中小企業経営者のための経営力強化方法34.傾聴

Q:傾聴しているか?

 

○問題提起:コミュニケーションのほとんどの問題はどう話すか?ではなく、どう聞くか?に集約される。大事なことは相手が話しやすい聞き方だ。人は、自己重要感、自己肯定、承認の欲求を持っている。その欲求に応えるのが傾聴だ。コミュニケーションが上手な人は話しが上手な人ではなく聴くのが上手な人。あなたは人の話を上手に聴いているだろうか?

 

○解決策:傾聴の技術を習得する。

・手順:1.傾聴とはどのような聞き方か理解する。

頷き、相槌、言葉がけの効果的な方法

2.演習を通じてコツをつかむ

3.実践を通して傾聴の技術を習得する。

自分自身の事を振り返って欲しい。人の話を聞いているときにあなたは何を考えているだろうか?特に部下、後輩が相手の場合には、話を聞きながら「アドバイス」しようとするだろう。奥さんが相手の場合は「反論」「言い訳」を用意しているだろう。上司であれば「言い訳」を考えているだろう。このような事を考えている時間は相手の話を聞いていない時間だ。もし、自分が逆の立場であればどうだろうか?あなたが相手のアドバイスや反論を望んでいない時に、相手から即座にアドバイスや反論されると不愉快だろう。あなたが相手の話を丁寧に聴くだけで相手はあなたの事を居心地の良い相手だと感じてくれる。4-2の良い場を作るで説明したコミュニケーションの場をより良く出来るのが傾聴の力だ。傾聴により相手が心を開いて話を出来る場を作って欲しい。

 

・コツ:人の話を無心に聞いてみる。まずは、自分が話しやすい状態を把握する。その上で相手が話しやすい状態を作る。自分と相手が同じ状態が話しやすいとは限らない。

 

・アクティブリスニング(頷き、相槌を多用して能動的に聴く。)

演習:2人で対面になって行う。一人が話し手になる。もう一人が聞き手になる。1回目は、聞き手は頷き相槌を一切しない。しかし、相手の話を全て肯定する。2回目は、聞き手は頷き相槌を大げさにする。しかし、相手の話は全否定する。この演習を行うと、ほとんどの話し手は1回目より2回目の方が話しやすかったと答える。

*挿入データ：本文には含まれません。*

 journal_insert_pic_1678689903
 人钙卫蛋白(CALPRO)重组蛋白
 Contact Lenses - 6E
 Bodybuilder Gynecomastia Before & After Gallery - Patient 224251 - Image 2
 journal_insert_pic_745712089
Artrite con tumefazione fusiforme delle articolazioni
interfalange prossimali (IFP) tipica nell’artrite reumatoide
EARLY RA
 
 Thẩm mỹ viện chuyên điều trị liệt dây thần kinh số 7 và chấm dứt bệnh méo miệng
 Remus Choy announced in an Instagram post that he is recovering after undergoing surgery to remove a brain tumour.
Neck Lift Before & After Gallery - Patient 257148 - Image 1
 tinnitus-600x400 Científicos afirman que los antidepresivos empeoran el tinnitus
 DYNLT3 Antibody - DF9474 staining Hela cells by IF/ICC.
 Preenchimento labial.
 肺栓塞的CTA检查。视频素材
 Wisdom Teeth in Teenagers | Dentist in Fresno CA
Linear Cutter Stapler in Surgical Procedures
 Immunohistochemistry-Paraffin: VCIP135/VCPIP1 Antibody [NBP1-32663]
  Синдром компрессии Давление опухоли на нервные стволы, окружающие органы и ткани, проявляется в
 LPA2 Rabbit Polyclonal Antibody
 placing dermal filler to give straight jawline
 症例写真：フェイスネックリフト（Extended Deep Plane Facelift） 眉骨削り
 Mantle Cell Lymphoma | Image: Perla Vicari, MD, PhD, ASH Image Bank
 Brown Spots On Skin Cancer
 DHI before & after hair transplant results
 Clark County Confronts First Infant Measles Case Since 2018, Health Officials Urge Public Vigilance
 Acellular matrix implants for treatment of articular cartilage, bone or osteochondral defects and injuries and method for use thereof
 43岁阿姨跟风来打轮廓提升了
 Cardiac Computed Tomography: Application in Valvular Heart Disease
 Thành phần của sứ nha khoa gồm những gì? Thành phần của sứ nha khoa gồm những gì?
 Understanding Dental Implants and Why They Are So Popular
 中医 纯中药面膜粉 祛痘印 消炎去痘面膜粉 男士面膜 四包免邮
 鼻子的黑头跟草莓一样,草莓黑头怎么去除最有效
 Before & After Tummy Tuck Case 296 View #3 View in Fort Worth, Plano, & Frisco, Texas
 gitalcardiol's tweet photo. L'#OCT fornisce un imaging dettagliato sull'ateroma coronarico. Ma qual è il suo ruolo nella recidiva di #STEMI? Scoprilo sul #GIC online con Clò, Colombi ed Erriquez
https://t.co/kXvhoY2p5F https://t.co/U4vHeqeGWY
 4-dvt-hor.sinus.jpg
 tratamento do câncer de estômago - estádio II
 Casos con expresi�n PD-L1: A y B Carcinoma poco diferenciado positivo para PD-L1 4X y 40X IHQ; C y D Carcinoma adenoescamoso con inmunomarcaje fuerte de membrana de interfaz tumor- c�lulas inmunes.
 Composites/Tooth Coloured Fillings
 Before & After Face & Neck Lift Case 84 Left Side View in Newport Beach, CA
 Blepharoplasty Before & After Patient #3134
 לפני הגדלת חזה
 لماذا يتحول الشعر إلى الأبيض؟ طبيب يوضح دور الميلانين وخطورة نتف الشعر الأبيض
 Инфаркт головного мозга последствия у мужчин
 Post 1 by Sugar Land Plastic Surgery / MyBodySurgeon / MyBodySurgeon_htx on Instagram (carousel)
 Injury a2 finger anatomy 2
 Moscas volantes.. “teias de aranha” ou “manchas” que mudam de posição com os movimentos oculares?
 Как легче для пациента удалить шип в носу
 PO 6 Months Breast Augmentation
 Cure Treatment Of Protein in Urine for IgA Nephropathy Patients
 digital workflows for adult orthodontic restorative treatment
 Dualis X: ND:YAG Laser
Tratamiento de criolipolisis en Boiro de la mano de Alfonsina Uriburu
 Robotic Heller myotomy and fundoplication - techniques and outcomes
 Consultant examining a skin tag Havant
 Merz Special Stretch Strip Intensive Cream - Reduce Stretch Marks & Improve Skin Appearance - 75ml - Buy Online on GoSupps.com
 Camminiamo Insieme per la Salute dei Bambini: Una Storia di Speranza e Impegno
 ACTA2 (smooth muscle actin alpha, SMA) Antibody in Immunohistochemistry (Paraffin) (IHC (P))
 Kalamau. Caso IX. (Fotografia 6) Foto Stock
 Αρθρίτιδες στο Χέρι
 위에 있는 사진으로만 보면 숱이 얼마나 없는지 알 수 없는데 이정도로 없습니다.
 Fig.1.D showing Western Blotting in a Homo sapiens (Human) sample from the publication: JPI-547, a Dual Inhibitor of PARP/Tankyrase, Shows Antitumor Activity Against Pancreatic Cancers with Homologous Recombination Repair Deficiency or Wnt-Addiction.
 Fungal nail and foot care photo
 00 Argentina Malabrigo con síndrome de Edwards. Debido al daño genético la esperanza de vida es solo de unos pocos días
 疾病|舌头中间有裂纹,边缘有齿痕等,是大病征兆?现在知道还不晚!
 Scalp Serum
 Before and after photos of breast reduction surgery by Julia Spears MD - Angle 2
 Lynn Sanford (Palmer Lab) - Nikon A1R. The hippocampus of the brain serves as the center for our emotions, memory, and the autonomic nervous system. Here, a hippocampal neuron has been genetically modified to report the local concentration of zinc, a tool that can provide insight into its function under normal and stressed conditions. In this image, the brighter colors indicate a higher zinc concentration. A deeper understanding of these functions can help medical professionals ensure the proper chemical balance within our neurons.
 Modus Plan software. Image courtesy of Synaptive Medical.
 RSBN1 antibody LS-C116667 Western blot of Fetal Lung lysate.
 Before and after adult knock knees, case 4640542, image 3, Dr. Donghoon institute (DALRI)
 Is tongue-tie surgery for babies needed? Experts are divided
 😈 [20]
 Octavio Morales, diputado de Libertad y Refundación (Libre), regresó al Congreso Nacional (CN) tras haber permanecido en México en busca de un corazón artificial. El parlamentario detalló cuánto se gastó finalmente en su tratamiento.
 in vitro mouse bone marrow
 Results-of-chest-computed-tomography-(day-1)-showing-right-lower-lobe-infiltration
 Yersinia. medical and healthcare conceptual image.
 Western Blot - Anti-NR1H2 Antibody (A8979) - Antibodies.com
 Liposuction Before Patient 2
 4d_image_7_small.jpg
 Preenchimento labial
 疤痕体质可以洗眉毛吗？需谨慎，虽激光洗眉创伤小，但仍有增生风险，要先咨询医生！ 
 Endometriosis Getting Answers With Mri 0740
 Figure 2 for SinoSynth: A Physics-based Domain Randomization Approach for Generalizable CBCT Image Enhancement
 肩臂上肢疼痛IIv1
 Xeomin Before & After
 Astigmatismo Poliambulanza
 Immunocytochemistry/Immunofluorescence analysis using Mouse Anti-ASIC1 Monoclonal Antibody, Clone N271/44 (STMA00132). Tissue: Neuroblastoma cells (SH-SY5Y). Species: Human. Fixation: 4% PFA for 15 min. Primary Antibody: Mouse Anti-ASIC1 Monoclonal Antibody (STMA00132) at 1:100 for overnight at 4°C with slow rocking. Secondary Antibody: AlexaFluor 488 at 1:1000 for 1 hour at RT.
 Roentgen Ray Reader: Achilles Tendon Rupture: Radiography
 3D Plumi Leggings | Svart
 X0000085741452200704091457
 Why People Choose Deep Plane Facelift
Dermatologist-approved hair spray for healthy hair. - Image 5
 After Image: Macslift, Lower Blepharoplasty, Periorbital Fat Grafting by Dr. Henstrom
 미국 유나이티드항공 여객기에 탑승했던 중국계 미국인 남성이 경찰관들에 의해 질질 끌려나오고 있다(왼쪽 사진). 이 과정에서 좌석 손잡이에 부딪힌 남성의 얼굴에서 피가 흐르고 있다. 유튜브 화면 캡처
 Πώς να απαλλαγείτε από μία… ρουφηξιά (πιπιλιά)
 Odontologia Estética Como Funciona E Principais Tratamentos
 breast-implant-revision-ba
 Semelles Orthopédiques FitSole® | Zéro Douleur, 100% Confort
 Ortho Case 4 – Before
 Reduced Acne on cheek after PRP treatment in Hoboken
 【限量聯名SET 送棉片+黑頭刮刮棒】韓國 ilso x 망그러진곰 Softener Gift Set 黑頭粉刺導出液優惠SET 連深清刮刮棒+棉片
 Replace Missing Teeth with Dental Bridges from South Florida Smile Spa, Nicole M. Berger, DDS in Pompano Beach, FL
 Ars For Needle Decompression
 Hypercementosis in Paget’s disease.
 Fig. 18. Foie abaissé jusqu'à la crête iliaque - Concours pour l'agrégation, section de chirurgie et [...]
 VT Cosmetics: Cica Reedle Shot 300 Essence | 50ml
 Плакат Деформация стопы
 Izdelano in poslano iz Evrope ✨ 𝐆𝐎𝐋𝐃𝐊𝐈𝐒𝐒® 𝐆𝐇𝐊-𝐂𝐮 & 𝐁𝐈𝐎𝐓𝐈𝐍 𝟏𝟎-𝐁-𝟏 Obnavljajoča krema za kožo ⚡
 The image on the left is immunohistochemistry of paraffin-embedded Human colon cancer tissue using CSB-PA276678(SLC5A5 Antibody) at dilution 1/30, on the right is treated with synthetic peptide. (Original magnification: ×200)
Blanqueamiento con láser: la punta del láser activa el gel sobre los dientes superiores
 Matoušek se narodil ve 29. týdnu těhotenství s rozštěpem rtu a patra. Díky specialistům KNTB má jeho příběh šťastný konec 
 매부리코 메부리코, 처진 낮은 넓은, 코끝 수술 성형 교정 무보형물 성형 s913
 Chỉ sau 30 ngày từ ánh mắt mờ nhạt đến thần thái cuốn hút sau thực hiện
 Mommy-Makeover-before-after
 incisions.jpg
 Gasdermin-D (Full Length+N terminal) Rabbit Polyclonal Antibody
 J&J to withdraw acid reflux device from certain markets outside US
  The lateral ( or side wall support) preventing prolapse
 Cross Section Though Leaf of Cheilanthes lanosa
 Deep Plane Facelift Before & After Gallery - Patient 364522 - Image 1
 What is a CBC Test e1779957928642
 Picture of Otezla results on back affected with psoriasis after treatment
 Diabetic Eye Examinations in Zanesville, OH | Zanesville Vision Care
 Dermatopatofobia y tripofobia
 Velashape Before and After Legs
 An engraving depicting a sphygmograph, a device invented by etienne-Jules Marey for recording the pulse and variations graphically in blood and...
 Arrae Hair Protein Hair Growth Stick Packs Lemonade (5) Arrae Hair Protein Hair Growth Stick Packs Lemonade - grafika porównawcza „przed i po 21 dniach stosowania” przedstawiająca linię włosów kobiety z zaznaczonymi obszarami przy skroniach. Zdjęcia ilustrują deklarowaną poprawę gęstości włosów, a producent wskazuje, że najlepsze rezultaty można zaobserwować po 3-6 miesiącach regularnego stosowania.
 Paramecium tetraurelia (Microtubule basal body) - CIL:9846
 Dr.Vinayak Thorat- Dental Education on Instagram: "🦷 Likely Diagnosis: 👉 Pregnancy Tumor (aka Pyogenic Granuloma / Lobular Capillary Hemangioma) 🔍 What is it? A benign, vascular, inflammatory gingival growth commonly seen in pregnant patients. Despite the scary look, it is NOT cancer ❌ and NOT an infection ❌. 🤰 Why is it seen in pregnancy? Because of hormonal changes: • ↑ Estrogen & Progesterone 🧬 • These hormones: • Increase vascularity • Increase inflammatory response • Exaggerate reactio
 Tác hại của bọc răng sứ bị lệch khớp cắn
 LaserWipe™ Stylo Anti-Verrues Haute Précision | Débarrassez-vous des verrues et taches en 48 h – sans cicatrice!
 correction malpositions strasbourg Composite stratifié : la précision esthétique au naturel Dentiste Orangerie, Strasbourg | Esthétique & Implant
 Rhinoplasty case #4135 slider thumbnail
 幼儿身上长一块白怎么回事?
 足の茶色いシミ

実際には自分の言ったことは全て否定されているにもかかわらずだ。

 

演習:ことばがけ

話が続かない人が苦手としている。問題の原因になる事や相手の価値観や相手の物事の捉え方が相手の発言から引き出せるのではないかと思う時にかける言葉。「~と、言いますと?」「もう少し詳しく話して下さいませんか?」「それで?」「それから?」と言葉をかけて相手が話しやすくする方法だ。相手が具体的な話をすることで話し手と聞き手との距離が縮まる。この際、注意したいのは「なぜ?」と聞かない事だ。「なぜ?」と聞かれた相手は、言い訳を探してしまう。思考のプロセスを辿るはずのことばがけが理由を探す詰問になる。口調によっては「責められている」感を相手が持ってしまう。

 

○傾聴出来るようになるとコミュニケーションの質が上がる。部下が腹を割って相談に来る。

○実践:明日は1日「聞く日」にする。